● **Collected material**:
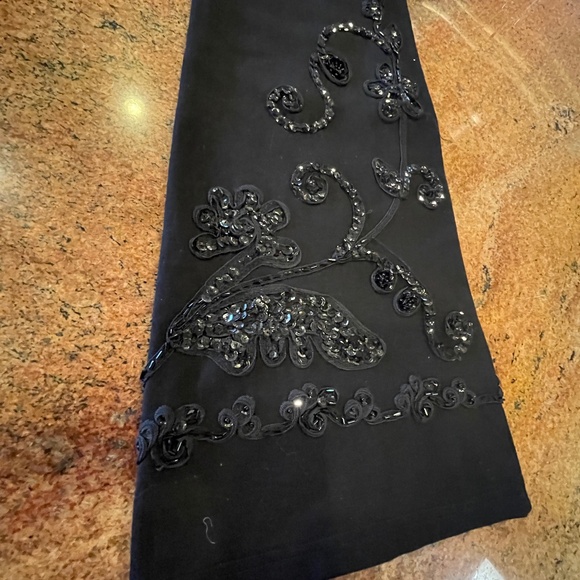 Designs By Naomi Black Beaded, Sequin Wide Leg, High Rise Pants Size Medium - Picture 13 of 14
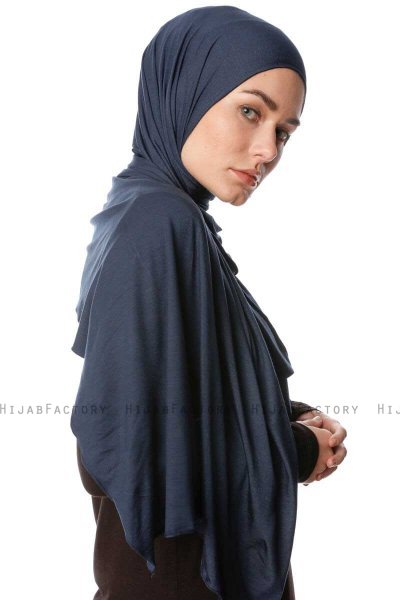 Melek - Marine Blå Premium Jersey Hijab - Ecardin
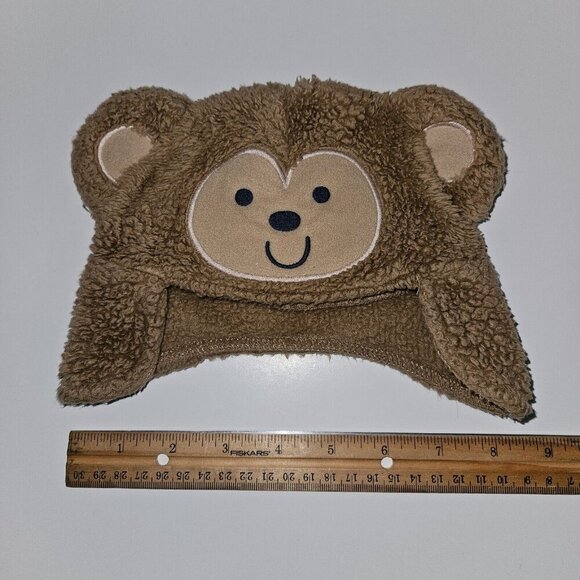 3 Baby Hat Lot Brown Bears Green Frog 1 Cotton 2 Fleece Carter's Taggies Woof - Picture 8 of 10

● **What the exercise asks**:
Write out the material above exactly. Skip the pictures.

● **Task answer**:
 Designs By Naomi Black Beaded, Sequin Wide Leg, High Rise Pants Size Medium - Picture 13 of 14
 Melek - Marine Blå Premium Jersey Hijab - Ecardin
 3 Baby Hat Lot Brown Bears Green Frog 1 Cotton 2 Fleece Carter's Taggies Woof - Picture 8 of 10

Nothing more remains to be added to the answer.